KELLY MCEVERS, HOST:

Sayed Kashua is one of the most popular writers in Israel. He writes a weekly column for the newspaper Haaretz, and he writes it in Hebrew even though Kashua is Arab and grew up speaking Arabic. He calls the column his little war to bridge the divide between Jews and Palestinians. But the columns are rarely political. They're mostly these funny, sometimes absurd descriptions of everyday life in Israel, moving to a Jewish neighborhood, hiring a Jewish maid, waiting for the cable guy on a day that's supposed to be an important holiday for Palestinians. A new collection of the column is out in English in a book called "Native." It starts in 2006 and ends in 2014 when Hamas militants kidnapped and killed three Israeli teenagers then Israeli settlers killed and burned a Palestinian boy. All of that led to a new round of fighting between Israel and Hamas. It was then that Kashua and his family emigrated to the U.S. He now teaches at the University of Illinois at Urbana-Champaign, and I asked him why his columns are often so funny.
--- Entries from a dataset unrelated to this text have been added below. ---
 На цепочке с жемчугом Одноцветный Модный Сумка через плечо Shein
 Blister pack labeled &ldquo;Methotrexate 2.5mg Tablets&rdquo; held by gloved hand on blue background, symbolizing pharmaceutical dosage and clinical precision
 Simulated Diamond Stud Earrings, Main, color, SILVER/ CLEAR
SAYED KASHUA: I use a lot of humor, and I follow the saying that if you want to tell people the truth, you better make them laugh first, otherwise, they will shoot you. So I can tell you a joke and maybe you will laugh at the beginning. But it's not about telling jokes. I tell you a joke to have you listen to me, and then maybe I will tell you another joke that we can laugh together and feel equal. And then I will tell you a story hopefully that will make you cry. So I think that's the way that I approach the columns, as a surviving tool in a way.

MCEVERS: Your wife is such an amazing character in these columns. Part of me wishes that I could interview her. I mean, she is so funny and so cynical and she never gives you a break. Is she there to be a foil, you know, so the character of you can never take himself too seriously, or is she really like that?
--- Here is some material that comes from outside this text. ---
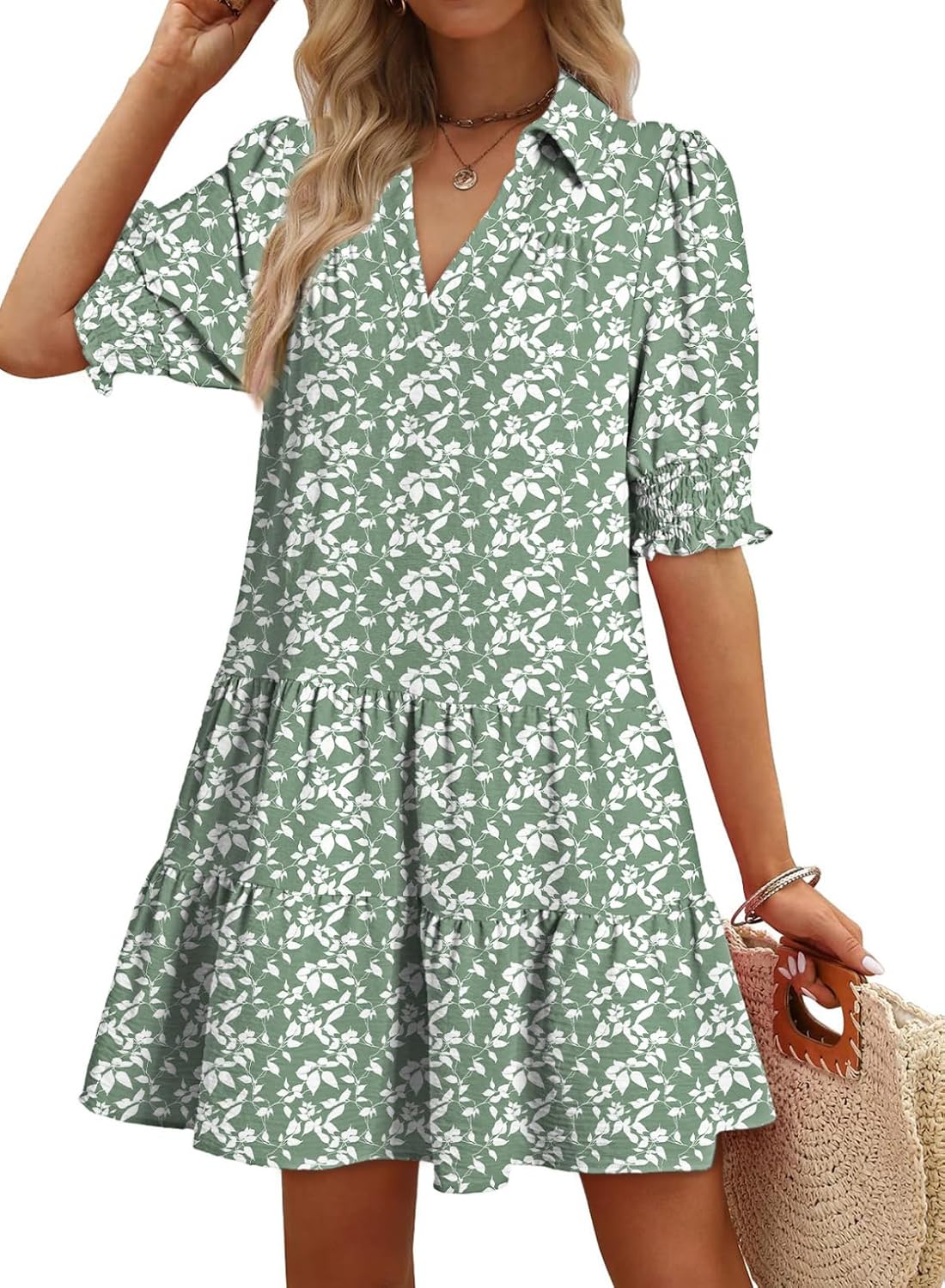 Dokotoo Casual Dresses Lapel Collared Pleated 2026 Midi Summer Dresses | Summer Fall Outfits,V Neck,Lapel Collared,Mid Sleeved,Boho Sundress,Baby Doll Dresses,Vacation,with Pockets,Loose Fit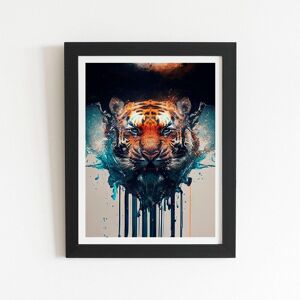 Warren Reed - Designer Tiger Face Splashart Framed Art Print in Black Size: W8" x H10" Black W8" x H10" Warren Reed - Designer Tiger Face Splashart Framed Art Print in Black Size: W8" x H10" Black W8" x H10"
KASHUA: I think that yes, it's a character. I very much hope that when my wife reads my writings so she reads it as if she is a character and not the real one. Sometimes she takes it too personally. I used to give her to read the column every week before I sent it to the editors. And sometimes she was so mad - are you crazy? You're not going to send that, or, you're not going to write that about me. So I would go, OK. You have five hours. Go ahead, write the column yourself.

MCEVERS: (Laughter).

KASHUA: So I gave her - I delivered her the column, I emailed her the column always but never listened to her opinion about it.

MCEVERS: (Laughter).

KASHUA: I think also it's - I'm not sure that in real life that's the case. I always see my wife as the clever one, as the wise one in the family.

MCEVERS: Do you still write about her?

KASHUA: Sometimes, but in a different way. Not because she changed or I changed. It's the fact that we are not in Jerusalem any longer. So the whole style of the writing I guess that - that the columns that I'm delivering from here, from Champaign to her, it's more politically direct. Probably also due to the political situation getting just worse and more extreme, but also this distance and this sadness of this feeling that I gave up - that I surrendered, that I felt that I lost my small war. So the whole column is different than the columns that I used to write back home, back in Jerusalem.
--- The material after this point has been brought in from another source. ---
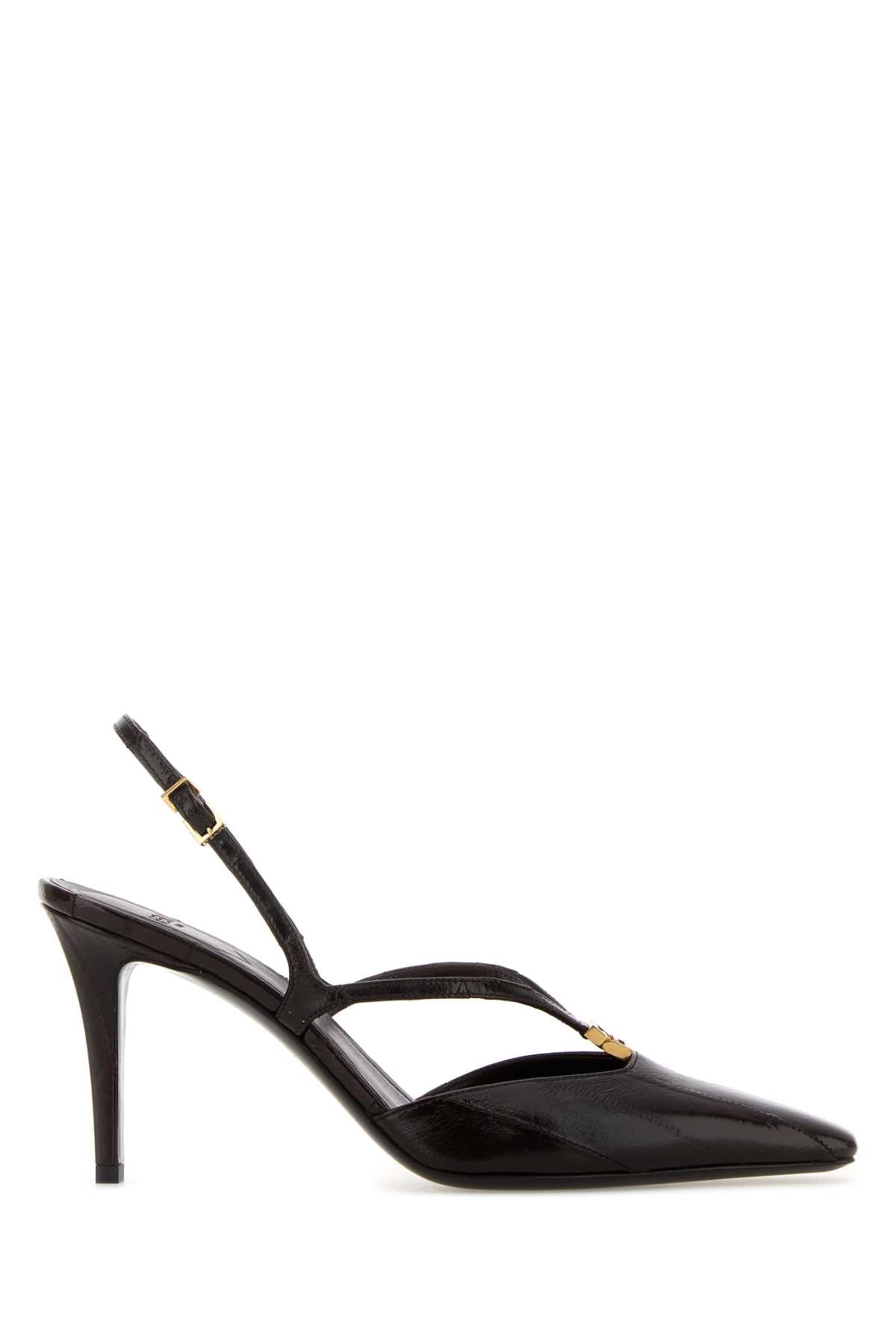 FENDI Elegant Leather FFold Pumps with 9 cm Heel Height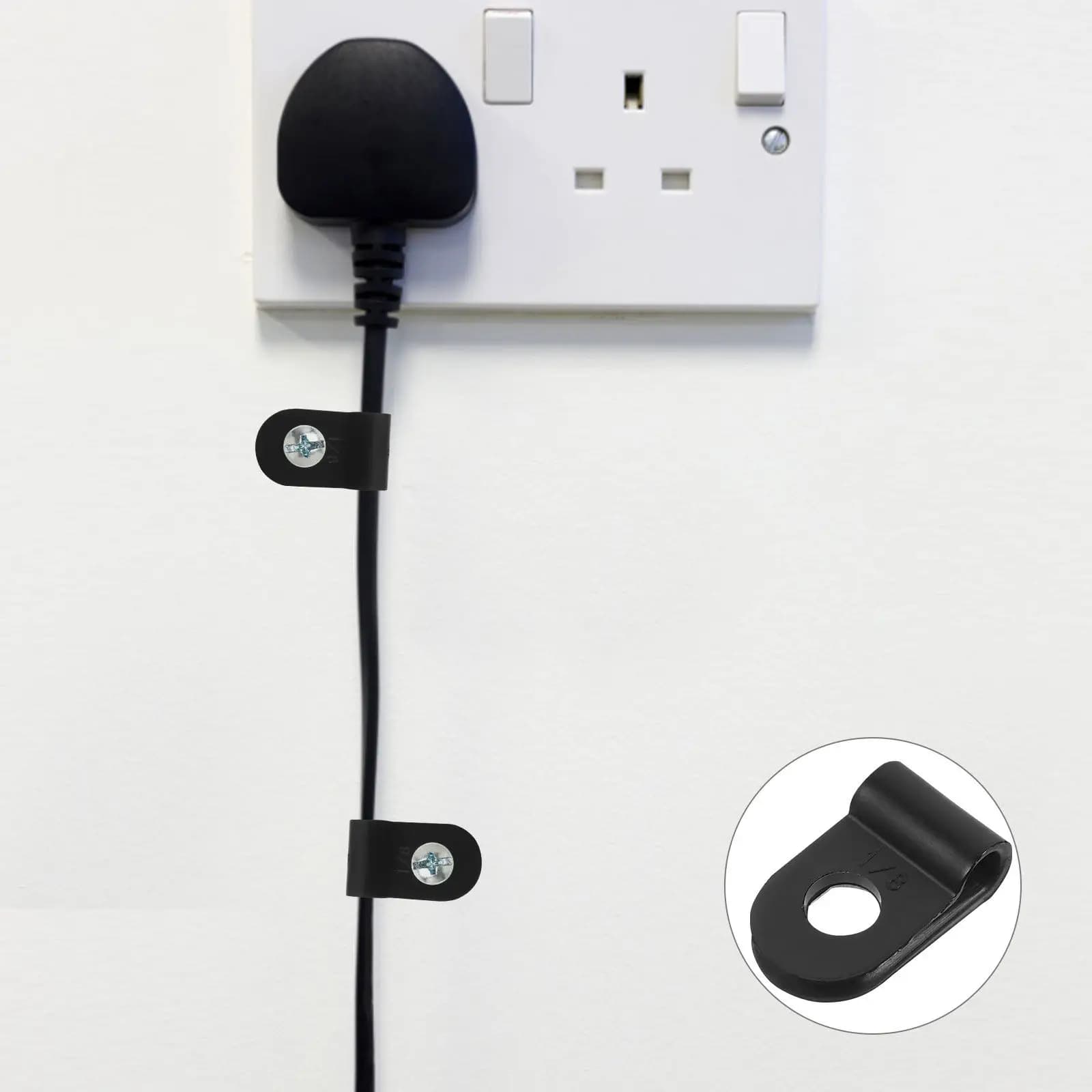 100 Pezzi di Clip per Cavi, Morsetti per Gestione Fili, Organizzatori Robusti in PVC per Cavi Ethernet, Coassiali, TV, Audio e Video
MCEVERS: How do you look back on that decision now?

KASHUA: Still traumatic, the feeling. Very confusing. I knew very well that I could not stay. Everything collapsed. Everything in my life just collapsed, and it started with the kidnapping of three teenaged settlers and then judging the life - the young Palestinian from Jerusalem. That was the day that I decided that I have to go now. I'm not sure that I recovered, but I also know that I cannot afford going back yet. I see how much the kids are happier, I guess, here and I think that they might have a better future not hiding. I couldn't lie anymore to my kids telling them that they are equal citizens in the state of Israel. They cannot be equal because in order to fit in and to be accepted and to be a citizen in Israel, you need a Jewish mother. So basically what I'm trying to tell my kids is just, it's their mother's fault and it's not my fault. So if...

MCEVERS: (Laughter).

KASHUA: No, I'm just kidding.

MCEVERS: (Laughter). If they ever feel bad about it.

KASHUA: Yeah, if they blame me. Yeah, blame it on her. But I hope that one day I will gain power somehow, and somehow convince myself that there is still hope and go back and fight, people who's trying to make that place worth living for both Jews and Palestinians.

MCEVERS: Well, Sayed Kashua, thank you so very much for your time today.